This sounds like an issue of Alma Linux rather than PVE. Since the hardware doesn't change between runs/resets, it should find it both times.
Do you see similar issues with other distributions or is it just Alma Linux 9?
Have you tried other cloud image versions of Alma Linux?

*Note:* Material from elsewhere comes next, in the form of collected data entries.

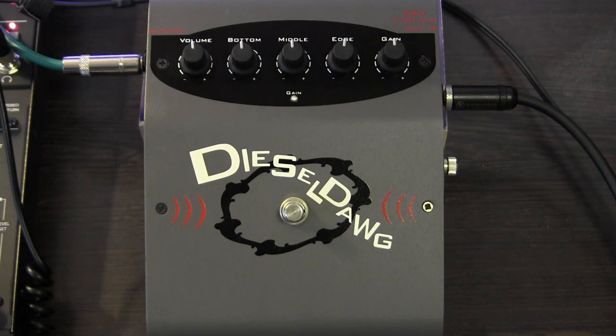Hello YouTube, Bruno Luce here with GLB Productions. Today bringing you this quick review of the Galleon Kruger Diesel Dog Bass Distortion pedal. Now I've had this pedal for a long time, probably about 10 years, and I recently put it on the market. Before I sell the pedal, I thought I'd do a quick review for you my lovely viewers.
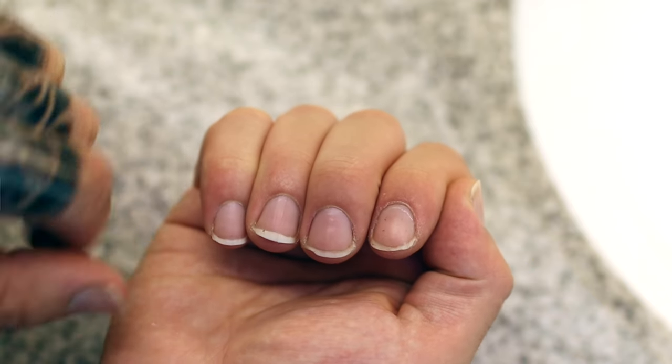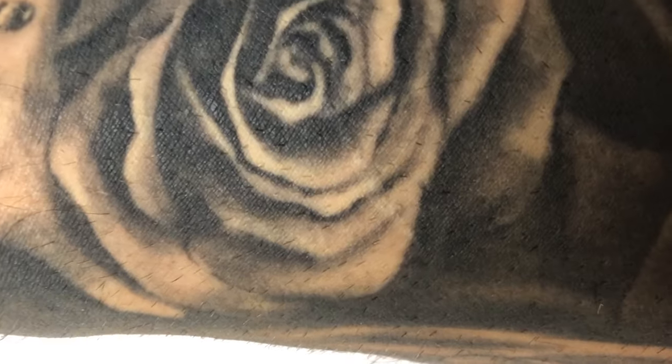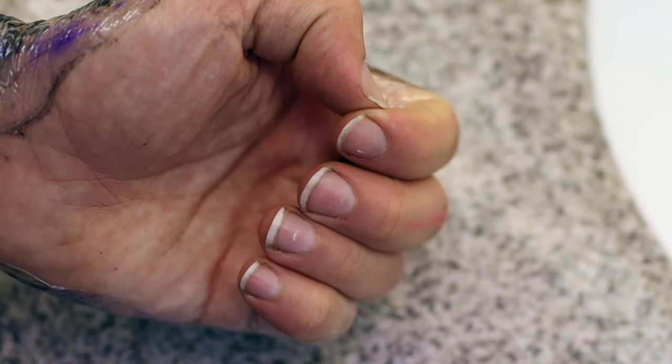The first thing you're going to want to not do with an itching new tattoo is scratch it with your nails, and there are a couple of reasons why. Your nails can be sharp and if you scratch too hard you might scar the tattoo for the rest of its life. Second, your nails can hold a lot of dirt, grime, and germs under them, and putting that on a new area that is still healing can possibly lead to infection.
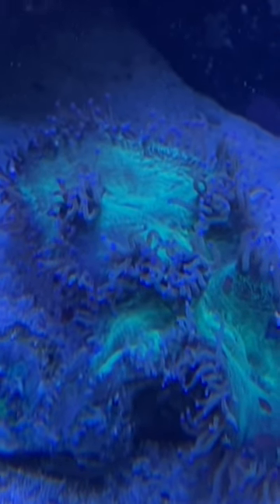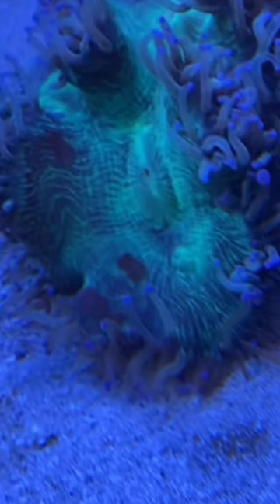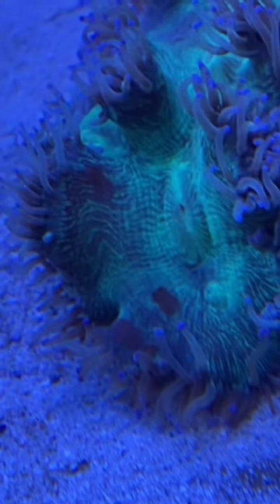If you are having problems with LPS corals — they're receding or dying back — this could be the culprit. See that little brown spot right there? That is an LPS-eating flatworm. It's really hard to get out of your aquarium.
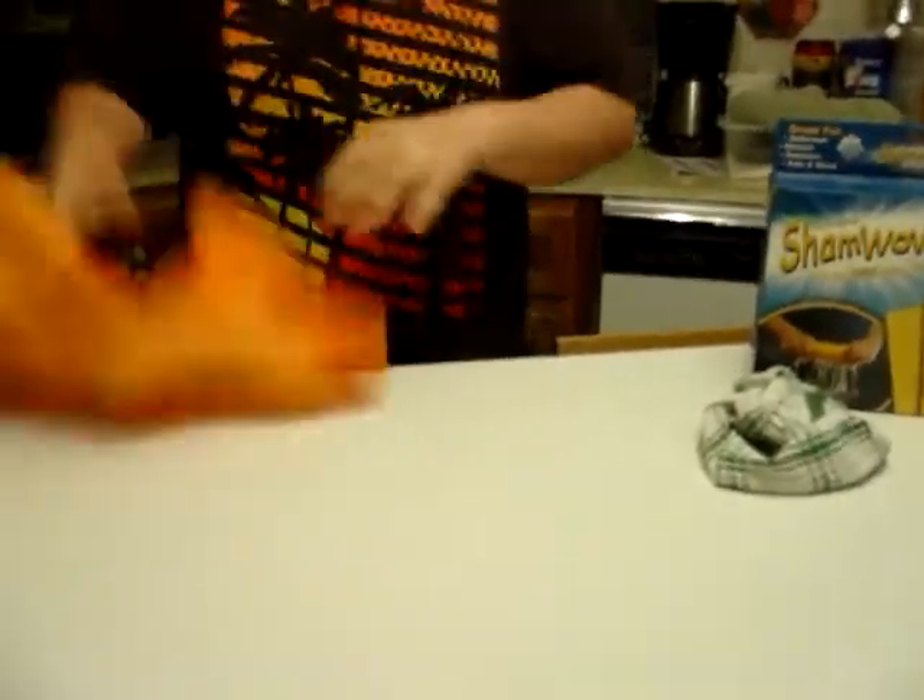You see this? You see this? You're getting this? This will help you with anything. Look, I try and clean up this mess with this towel — spreads it all around. Take out the ShamWow. One sweep, it's all gone. You see? I'm picking this up.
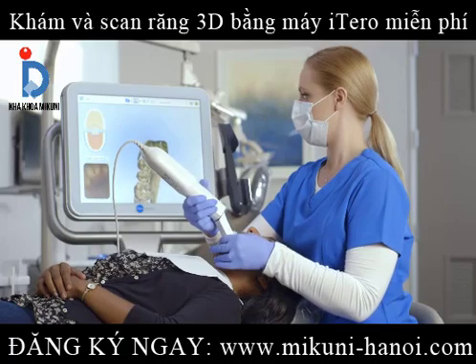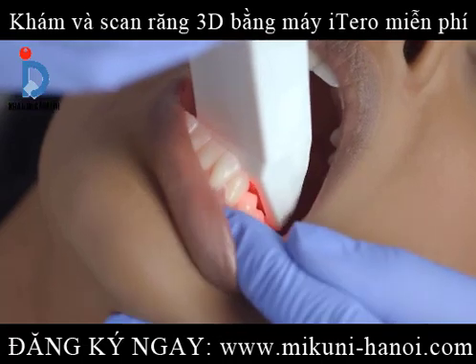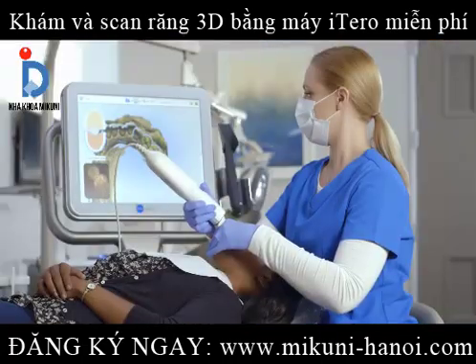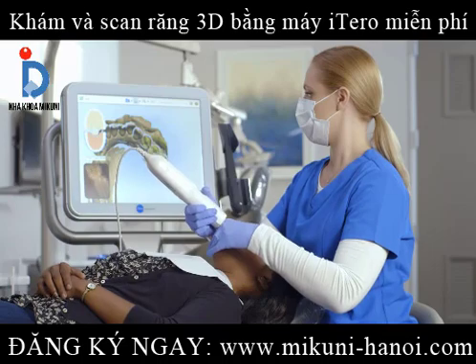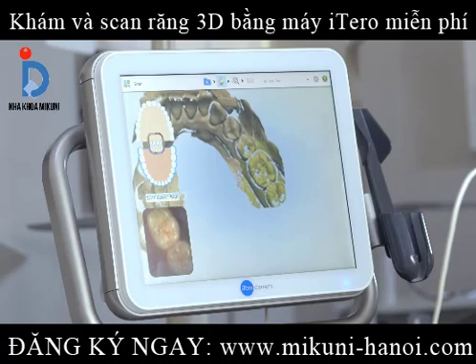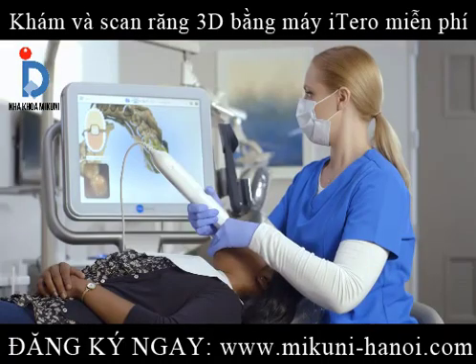Starting on the occlusal of the arch, being sure to keep the wand flat on the occlusal, I'll steadily bring the wand towards the anterior. When I reach the bicuspid, I'll simply continue by swiping across the anterior, tilting slightly to the lingual at the contralateral bicuspid, and then proceed by moving the tip straight back to the opposing terminal molar.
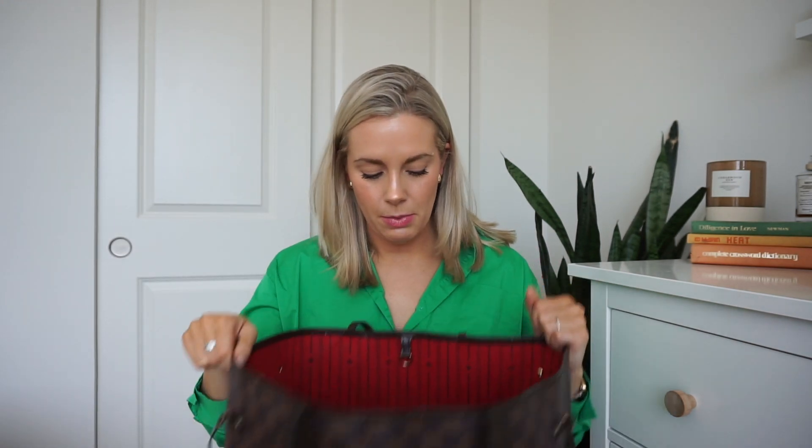My blankie that I've had since I was a baby — it will never go in a suitcase, ever. It always goes in the bottom of this bag. And a hair clip, because I absolutely cannot keep my hair down, it drives me bonkers, so I keep one in there.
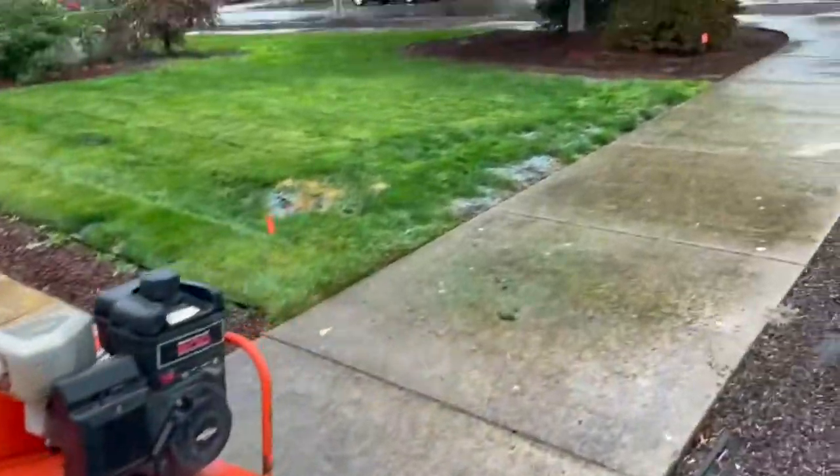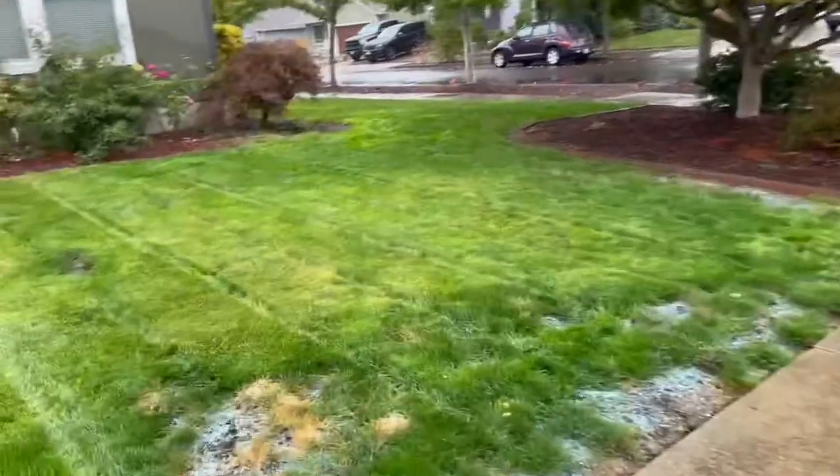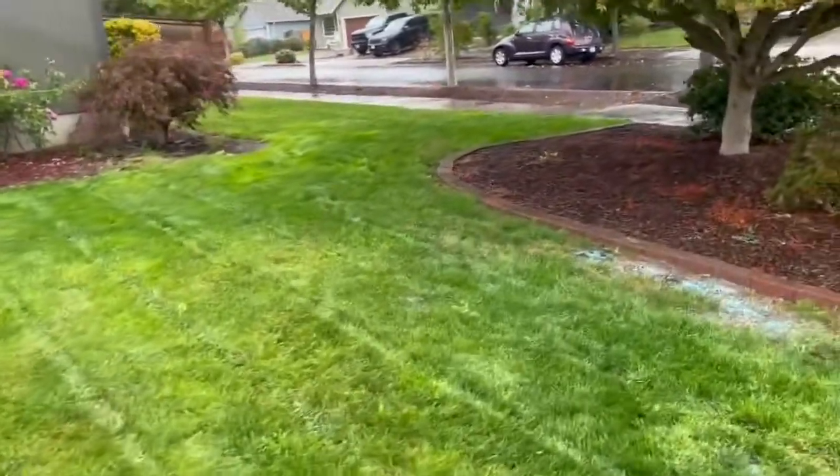Here's the aerator. Got the grass cut just now, so we will move on to the aeration.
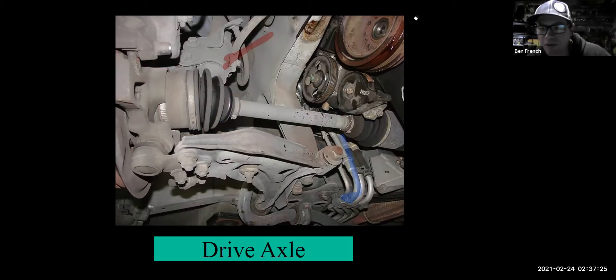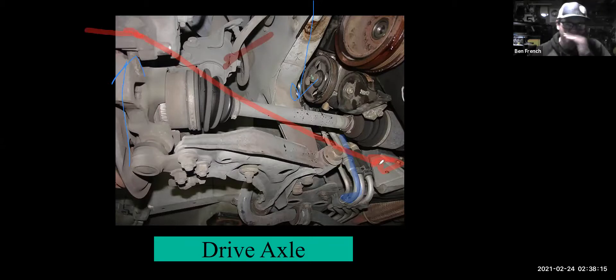Do any of you have a car that's lowered — slammed to the ground? Lowering generally makes the car corner better and we lower all our race cars to get the center of gravity as low as possible. But when you lower the car, the CV is always working at extreme angles because the wheels have to stay level. Same with a pickup truck raised way up — you'll burn through CV joints faster because you're always operating them at more extreme angles.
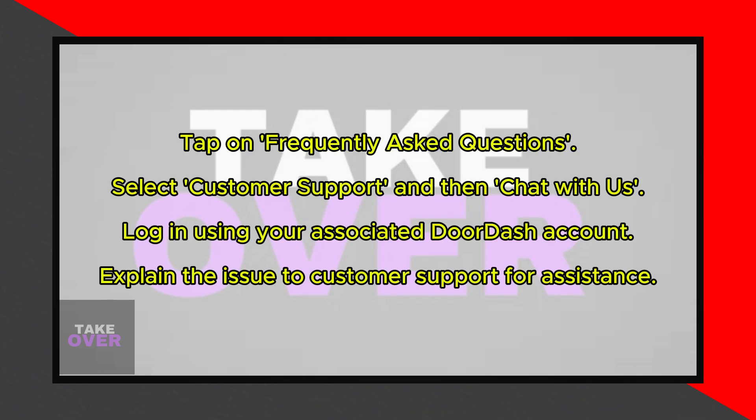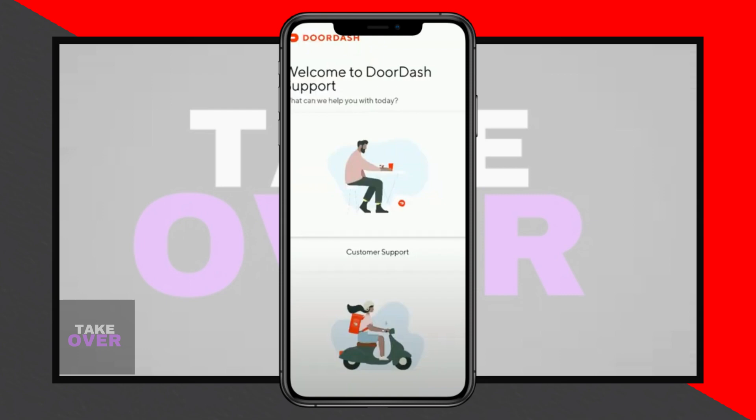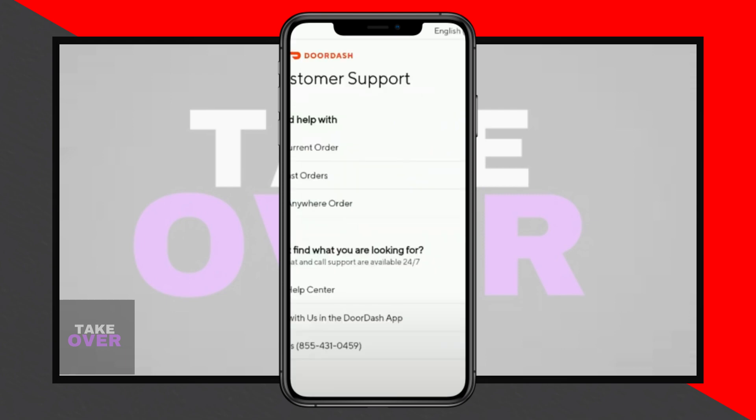If these steps still don't fix the problem, open the DoorDash app and click on the Account tab which will take you to a new screen. On this screen, tap on Frequently Asked Questions. From there, select Customer Support since you are a customer, not a Dasher. Next, tap on Chat with us in the DoorDash app. You will be taken to a login screen where you need to log in using the account associated with your DoorDash app.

Could be just this one build that has this issue.

jamesharr · Nov 2, 2022

I tested out a few different cloud images.

What I found intriguing, but also confusing is that

Several distributions exhibited similar behavior, but ever so slightly different
Changing to SeaBios fixed the issue in SOME cases
Increasing the core count made it WORSE in some cases

Images used in tests

Bash:

root@vdev-1:/mnt/pve/ceph-fs/ci-images# ls -lh
total 2.5G
-rw-r--r-- 1 root root 528M Oct 25 15:23 AlmaLinux-8-GenericCloud-latest.x86_64.qcow2
-rw-r--r-- 1 root root 441M Oct 25 18:33 AlmaLinux-9-GenericCloud-latest.x86_64.qcow2
-rw-r--r-- 1 root root 243M Oct 20 19:07 debian-11-genericcloud-amd64.qcow2
-rw-r--r-- 1 root root 635M Nov  2 13:47 jammy-server-cloudimg-amd64.img
-rw-r--r-- 1 root root 678M Nov  2 15:31 kinetic-server-cloudimg-amd64.img

root@vdev-1:/mnt/pve/ceph-fs/ci-images# sha256sum *
e4b215dc807200db3a8934bdd785026c3776d3798e36f830897861074f29fc54  AlmaLinux-8-GenericCloud-latest.x86_64.qcow2
ae715819d7fc280633d3364c53cab05f52970b843afc530e6ce122d1b36b40dc  AlmaLinux-9-GenericCloud-latest.x86_64.qcow2
087508073f0e08ee1fd3d50ad3c3e90e0a3191245c2ed15869ec6664af1d9a14  debian-11-genericcloud-amd64.qcow2
2f35b57775ab2e28f50fa09a18d6ccc10ece5e72c30242a73291b9a0eec1f592  jammy-server-cloudimg-amd64.img
8dc6cbae004d61dcd6098a93eeddebc3ddc7221df6688d1cbbbf0d86909aecf4  kinetic-server-cloudimg-amd64.img

Deployment script

Bash:

# Reset environment
pvesh create /nodes/vdev-1/qemu/1199/status/stop
pvesh delete /nodes/vdev-1/qemu/1199

# Create, start test VM
pvesh create /nodes/vdev-1/qemu \
    --name=cloudinit-test \
    --vmid=1199 \
    --agent=1 \
    --boot=c \
    --bootdisk=scsi0 \
    --scsihw=virtio-scsi-pci \
    --bios=seabios \
    --onboot=1 \
    --serial0=socket \
    --net0=virtio,bridge=vmbr302,firewall=1 \
    --ostype=l26 \
    --citype=nocloud \
    --ciuser=root \
    --cipassword=TestPassword \
    --cpu=host \
    --memory=2048 \
    --cores=1 \
    --efidisk0=local-nvme2-blk:0,efitype=4m,pre-enrolled-keys=1 \
    --scsi0=local-nvme2-blk:0,discard=on,size=100G,import-from=/mnt/pve/ceph-fs/ci-images/$IMAGE \
    --ide2=local-nvme2-blk:cloudinit \
    --ipconfig0=ip=10.39.1.99/21,gw=10.39.0.1 \
    --output-format=json-pretty
pvesh create /nodes/vdev-1/qemu/1199/status/start

Alma Variants
Testing was done by interrupting the Grub process and adding `init=/bin/bash`, then running `lsblk -f` and observing the output.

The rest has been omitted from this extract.